PLEASE, let us keep this initial draft confidential: I may change my opinions once I have been working more deeply on this matter. Thank you!
I have often been told that Heugel (Alan Curtis ed.) 1970 (let me abbr. HAC) had been vastly surpassed by L’Oiseau-Lyre (Davitt Moroney ed.) 1985 (let me abbr. ODM).
Obviously the musical texts appear to be slightly different, as they are based on a comparison of the MSs Bauyn, Parville and a other minor sources.
Back in 1986, in the EARLY MUSIC magazine, May 1986 pp. 284ff., Richard Langham Smith wrote a review of ODM and compared it with HAC. He observed that ODM is a reprint, with corrections by Moroney, from the plates of an original edition from the 1930s. He also devoted a page to the question of the performance and notation of the Préludes. Finally, he observed that HAC tends to favour Parville and groups pieces in suites, while ODM tends to favour Bauyn and groups the pieces by tonality (as per the sources). However, Smith makes is no attempt to compare the musical qualities of both scores.

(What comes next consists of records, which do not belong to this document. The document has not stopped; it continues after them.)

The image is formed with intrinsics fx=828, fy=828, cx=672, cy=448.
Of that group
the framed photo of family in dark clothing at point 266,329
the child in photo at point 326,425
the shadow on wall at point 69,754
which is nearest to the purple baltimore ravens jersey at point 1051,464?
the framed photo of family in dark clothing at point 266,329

Which is what I have started today, mainly trying to find in ODM fixes to some readings in HAC which I find suspicious.
So I first spent the afternoon writing in HAC’s index (TABLE DES MATIERES) the page number equivalent in ODM. When this chore was over, I realised that entire pieces in either edition are missing in the other one.
Most notably, about two dozen pieces in ODM are missing in HAC (many pieces in Bauyn are of dubious attribution). So far so good, and this fact has been often commented upon.

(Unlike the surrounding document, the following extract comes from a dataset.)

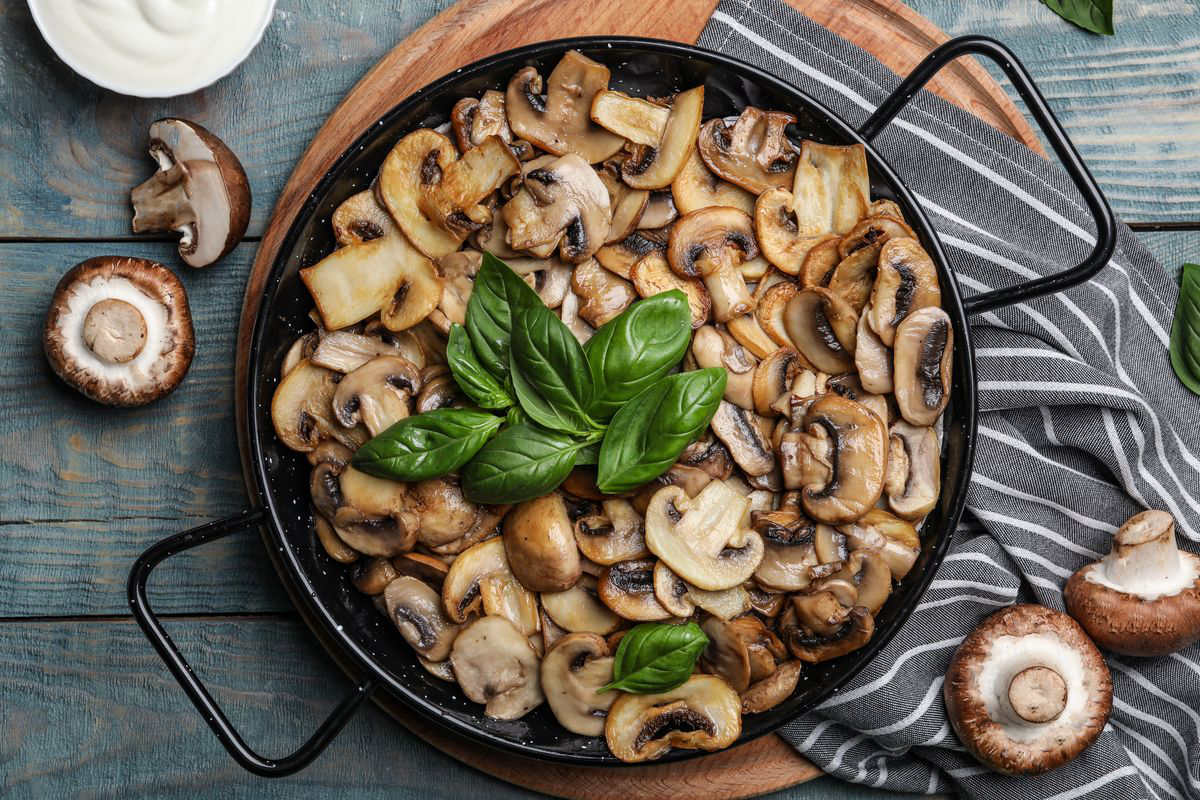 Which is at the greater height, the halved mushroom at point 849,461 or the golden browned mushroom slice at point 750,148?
the golden browned mushroom slice at point 750,148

Unfortunately, these missing pieces include at least one great masterpiece: a Chaconne in C major (w/4 Couplets), featured in a private recording by Scott Ross (Paris 1971) of which I have a copy.

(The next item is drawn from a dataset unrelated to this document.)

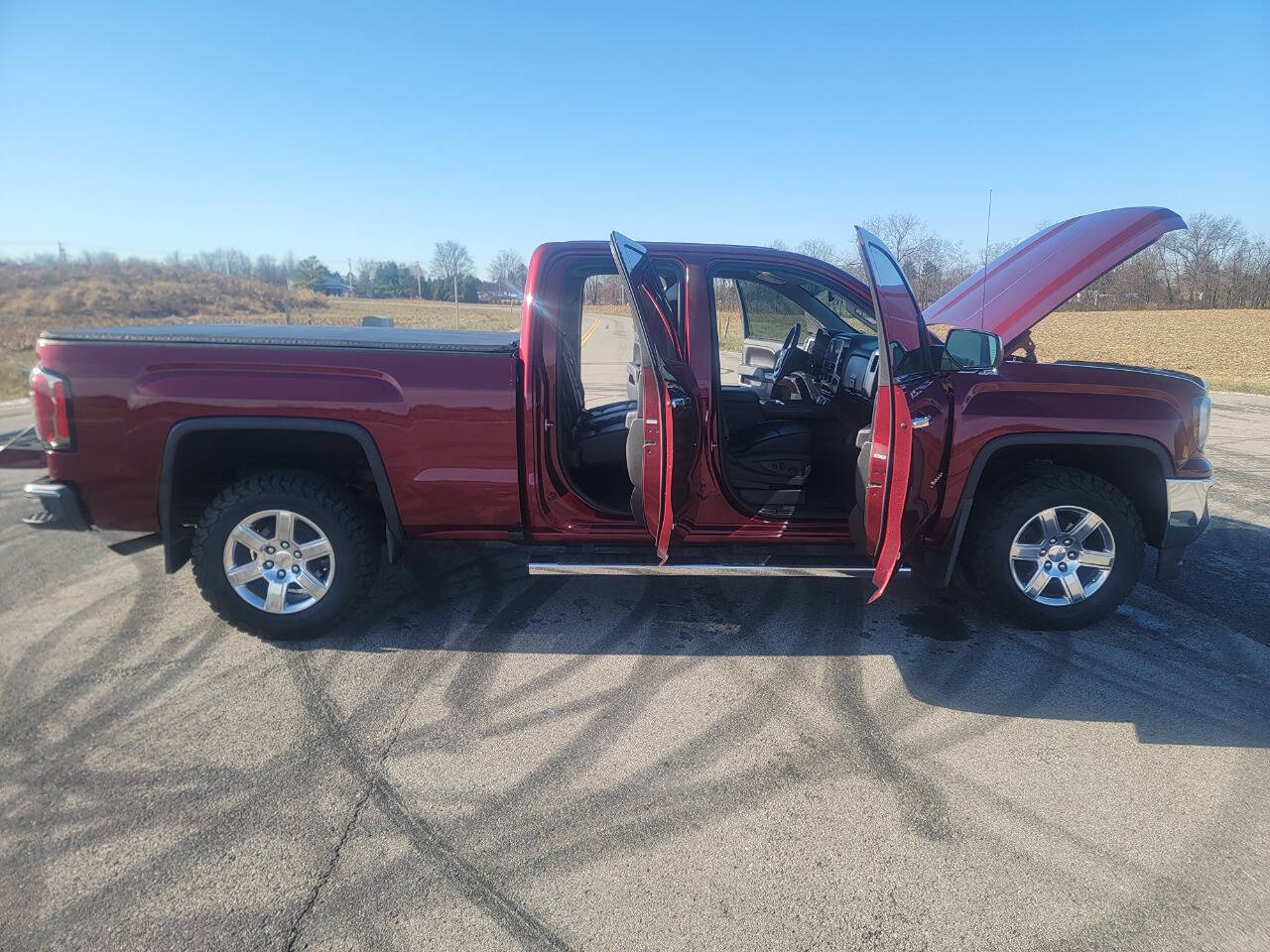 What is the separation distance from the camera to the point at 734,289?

Vice versa, a few pieces in HAC are missing in ODM. Among these, a handful on pages 179ff. The last page of the PDF carries the number 177. But my PDF may be a downloaded copy, not necessarily identical to the one that was on sale until a few years ago.
So far I have just carried out a very a cursory comparison, expecting to find ODM superior to HAC, according to prevalent opinion in harpsichord discussion forums (where Moroney was a member but Curtis was not) for decades.
Surprisingly, at first sight I find quite a few errors in the sources which are fixed (mostly as a suggestion between brackets) in HAC, but not in ODM, who obviously prefers to leave the originals untouched. Most of these are obvious trills and mordents. I just compared a piece which is arguably the best Sarabande by L. Couperin, in b minor, p. 35 in HAC, p. 169 in ODM: in the first section of the piece, ODM carries no trills, while HAC carries four (!), one supposedly original from a source, the other 3 suggested. When a source carries a cadential trill with a written-out termination but not a trill sign, all modern editors suggest a trill within parentheses for the benefit of the non-specialist player/student. Unfortunately, ODM begs to disagree and does not add suggested trills.
Even worse is when what is missing is an accidental: upon sight-reading one easily fails to realise until the wrong note has been played.
I intend to write more once I have made a thorough comparison of a few pieces in both editions.